Terminlich bin ich zwar insgesamt recht
gut eingedeckt, aber natürlich ließe sich etwas arrangieren.
Und doch habe ich abgelehnt... Richtig?
Hat es mit Erfahrungen aus meiner Zeit
in Madrid zu tun? Bei der Reflexion unserer Arbeit mit Immigranten
haben wir viel über „Paternalismus“ einerseits und „empowerment“
andererseits nachgedacht. Unser Einsatz, unsere Hilfe sollte keine
Abhängigkeiten erzeugen, sondern im Gegenteil den anderen zur
Selbständigkeit helfen. Nach wie vor bin ich von diesem Ansatz
überzeugt. Manchmal erfordert er ein „inneres Loslassen“: es
täte ja so gut, gelobt und gebraucht zu werden. Auf der anderen
Seite ist es aber nicht so, dass diese Art und Weise des Einsatzes
„unbelohnt“ bliebe. Wie schön ist es, wenn Menschen lernen,
eigene Wege zu gehen.
Und wie viel Potential ist in unseren
Gemeinden da. Immer neu gerate ich ins Staunen darüber und bin
dankbar. Und voller Hoffnung im Blick auf die Zukunft.

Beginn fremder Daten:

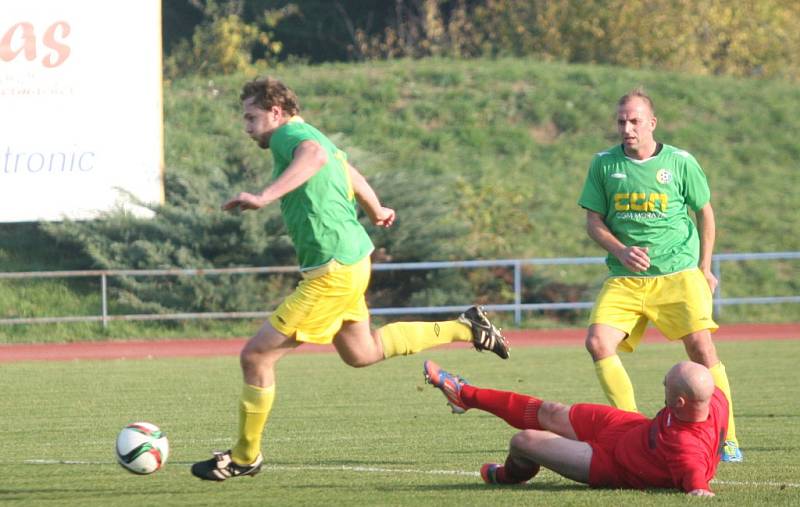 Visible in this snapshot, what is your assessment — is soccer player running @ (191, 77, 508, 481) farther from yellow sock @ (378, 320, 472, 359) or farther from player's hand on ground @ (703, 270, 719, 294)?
player's hand on ground @ (703, 270, 719, 294)

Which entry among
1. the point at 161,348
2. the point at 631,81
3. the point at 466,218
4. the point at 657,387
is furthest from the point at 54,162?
the point at 631,81

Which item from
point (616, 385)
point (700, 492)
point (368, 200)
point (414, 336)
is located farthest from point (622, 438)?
point (368, 200)

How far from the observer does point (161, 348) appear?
20.1 meters

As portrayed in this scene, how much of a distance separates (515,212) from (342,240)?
18648mm

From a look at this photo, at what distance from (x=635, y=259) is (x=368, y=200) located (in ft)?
5.41

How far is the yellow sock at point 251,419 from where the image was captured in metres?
7.24

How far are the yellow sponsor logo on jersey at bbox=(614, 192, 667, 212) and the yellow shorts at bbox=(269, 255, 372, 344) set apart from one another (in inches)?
72.8

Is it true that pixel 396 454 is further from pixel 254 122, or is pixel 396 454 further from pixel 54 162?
pixel 54 162

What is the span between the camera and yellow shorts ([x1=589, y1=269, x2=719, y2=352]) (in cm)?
839

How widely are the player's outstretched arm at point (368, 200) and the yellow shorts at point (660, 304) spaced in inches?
53.8


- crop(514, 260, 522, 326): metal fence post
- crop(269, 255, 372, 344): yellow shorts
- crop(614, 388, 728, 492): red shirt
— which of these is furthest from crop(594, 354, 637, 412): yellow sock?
crop(514, 260, 522, 326): metal fence post

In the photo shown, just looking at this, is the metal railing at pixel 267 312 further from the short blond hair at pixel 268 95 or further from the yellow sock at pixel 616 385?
the short blond hair at pixel 268 95

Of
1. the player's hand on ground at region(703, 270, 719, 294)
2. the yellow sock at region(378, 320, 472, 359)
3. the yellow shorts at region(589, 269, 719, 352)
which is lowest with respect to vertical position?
the yellow sock at region(378, 320, 472, 359)

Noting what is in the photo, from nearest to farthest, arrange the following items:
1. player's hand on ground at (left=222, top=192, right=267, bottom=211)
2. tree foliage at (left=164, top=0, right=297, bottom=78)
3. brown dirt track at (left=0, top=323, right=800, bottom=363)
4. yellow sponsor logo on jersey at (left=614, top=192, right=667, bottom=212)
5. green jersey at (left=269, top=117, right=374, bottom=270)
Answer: player's hand on ground at (left=222, top=192, right=267, bottom=211) < green jersey at (left=269, top=117, right=374, bottom=270) < yellow sponsor logo on jersey at (left=614, top=192, right=667, bottom=212) < brown dirt track at (left=0, top=323, right=800, bottom=363) < tree foliage at (left=164, top=0, right=297, bottom=78) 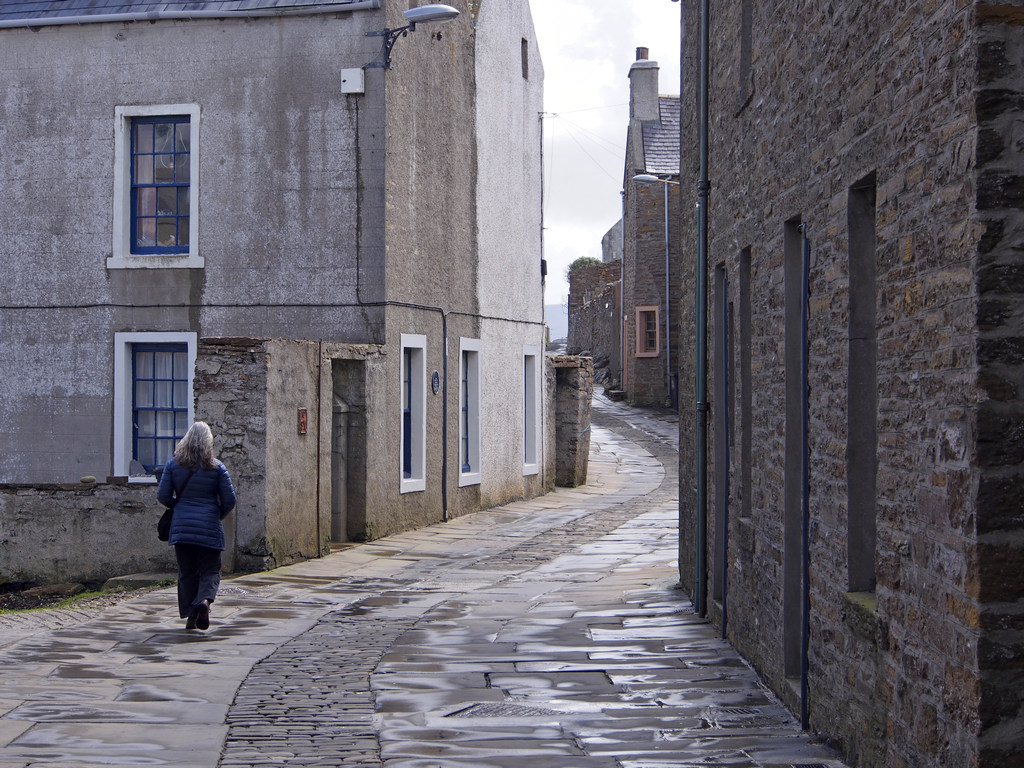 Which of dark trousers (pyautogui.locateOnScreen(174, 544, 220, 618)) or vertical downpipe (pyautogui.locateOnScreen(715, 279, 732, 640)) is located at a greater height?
vertical downpipe (pyautogui.locateOnScreen(715, 279, 732, 640))

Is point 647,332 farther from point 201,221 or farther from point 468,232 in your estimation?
point 201,221

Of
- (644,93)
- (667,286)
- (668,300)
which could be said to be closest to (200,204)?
(668,300)

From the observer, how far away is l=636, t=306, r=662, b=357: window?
39.0 meters

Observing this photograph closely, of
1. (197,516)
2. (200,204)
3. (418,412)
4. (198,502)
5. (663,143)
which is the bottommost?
(197,516)

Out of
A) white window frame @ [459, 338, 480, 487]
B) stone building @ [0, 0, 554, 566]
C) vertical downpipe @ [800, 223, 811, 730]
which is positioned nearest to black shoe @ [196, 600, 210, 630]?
Result: vertical downpipe @ [800, 223, 811, 730]

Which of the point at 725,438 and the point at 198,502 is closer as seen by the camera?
the point at 725,438

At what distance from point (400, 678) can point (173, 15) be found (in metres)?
12.1

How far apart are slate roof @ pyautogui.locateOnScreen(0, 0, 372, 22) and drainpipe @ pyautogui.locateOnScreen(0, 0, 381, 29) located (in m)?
0.03

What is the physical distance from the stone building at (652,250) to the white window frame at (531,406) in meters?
14.6

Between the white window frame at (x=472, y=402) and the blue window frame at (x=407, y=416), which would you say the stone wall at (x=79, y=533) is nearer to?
the blue window frame at (x=407, y=416)

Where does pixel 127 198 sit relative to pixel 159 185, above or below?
below

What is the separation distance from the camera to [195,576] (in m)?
10.4

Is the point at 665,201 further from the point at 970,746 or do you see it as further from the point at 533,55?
the point at 970,746

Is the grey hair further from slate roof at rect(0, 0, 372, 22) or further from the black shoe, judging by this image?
slate roof at rect(0, 0, 372, 22) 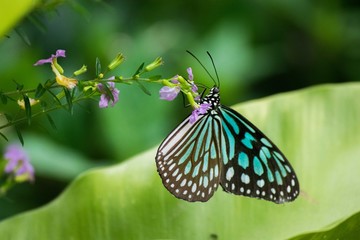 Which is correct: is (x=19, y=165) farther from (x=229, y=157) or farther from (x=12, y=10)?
(x=12, y=10)

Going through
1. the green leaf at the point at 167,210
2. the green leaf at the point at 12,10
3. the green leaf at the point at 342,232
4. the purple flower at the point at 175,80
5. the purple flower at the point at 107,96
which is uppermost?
the green leaf at the point at 12,10

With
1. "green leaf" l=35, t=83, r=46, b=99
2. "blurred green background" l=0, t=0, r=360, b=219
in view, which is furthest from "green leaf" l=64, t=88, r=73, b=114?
"blurred green background" l=0, t=0, r=360, b=219

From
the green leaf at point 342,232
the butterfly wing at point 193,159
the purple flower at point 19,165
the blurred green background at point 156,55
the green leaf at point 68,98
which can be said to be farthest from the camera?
the blurred green background at point 156,55

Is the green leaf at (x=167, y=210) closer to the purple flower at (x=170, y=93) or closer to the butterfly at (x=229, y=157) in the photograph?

Und ich meine, dass damit nicht
Berufungen vermischt werden. Vielleicht sind gerade Anfragen wie die
oben erwähnten ein Indiz dafür. Und als Brüder und Schwestern im
Volk Gottes suchen wir gemeinsam, wie wir einander in unserer je
eigenen Berufung, mit den uns von Gott geschenkten Charismen dienen
können.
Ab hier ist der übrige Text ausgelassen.